● **Exercise prompt**
Would you retype the whole listing exactly, leaving its pictures out?

● **Provided material**
-------

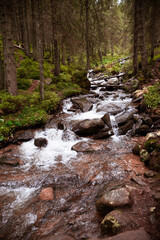 Beautiful landscape of a waterfall in the forest with water and stones in the foreground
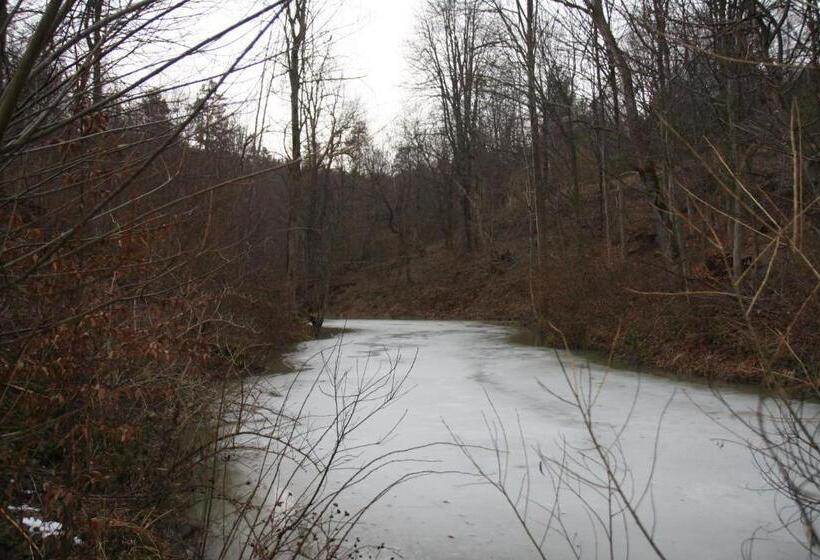 ホテル Ropuszy Dwór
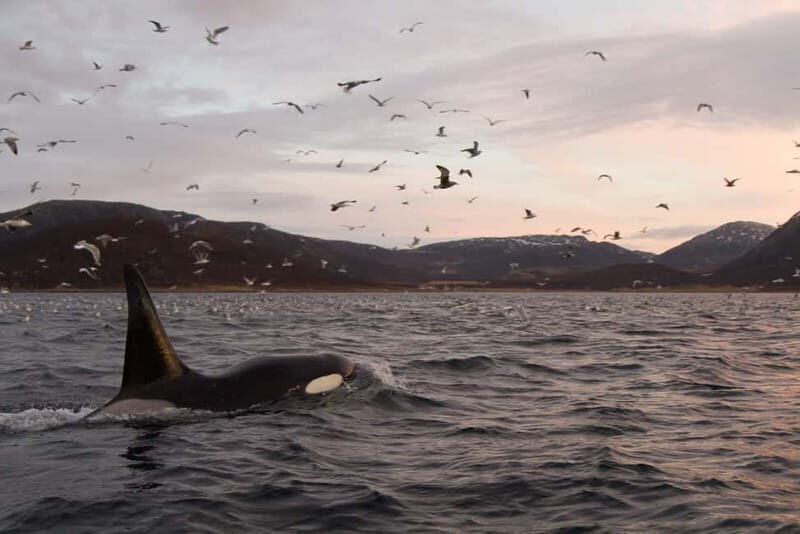 Tromsø: Skjervøy RIB Whale Watching Tour - A Deep Dive into the Experience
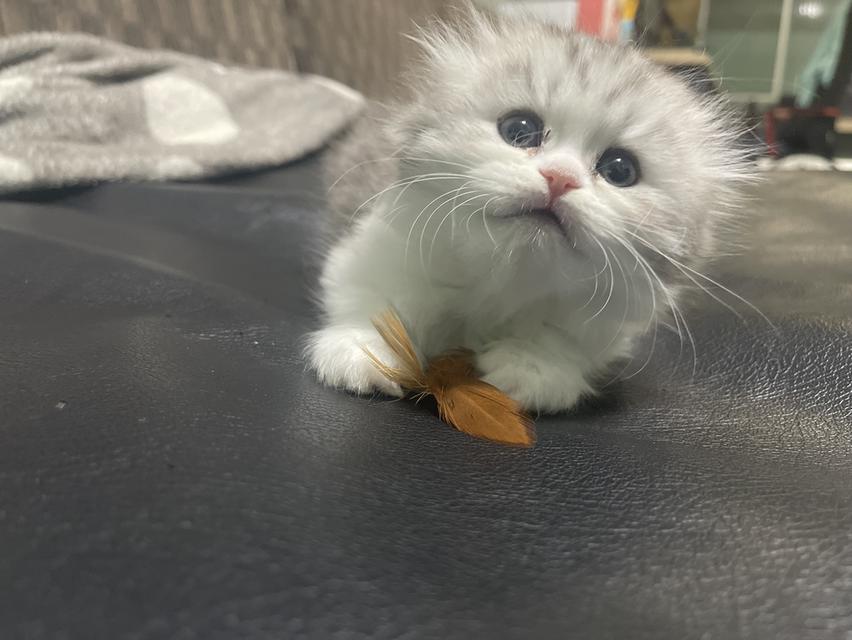 น้องแมวหูพับน่ารัก(หญิง)พร้อมย้ายบ้าน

-------

● **Answer below**
 Beautiful landscape of a waterfall in the forest with water and stones in the foreground
 ホテル Ropuszy Dwór
 Tromsø: Skjervøy RIB Whale Watching Tour - A Deep Dive into the Experience
 น้องแมวหูพับน่ารัก(หญิง)พร้อมย้ายบ้าน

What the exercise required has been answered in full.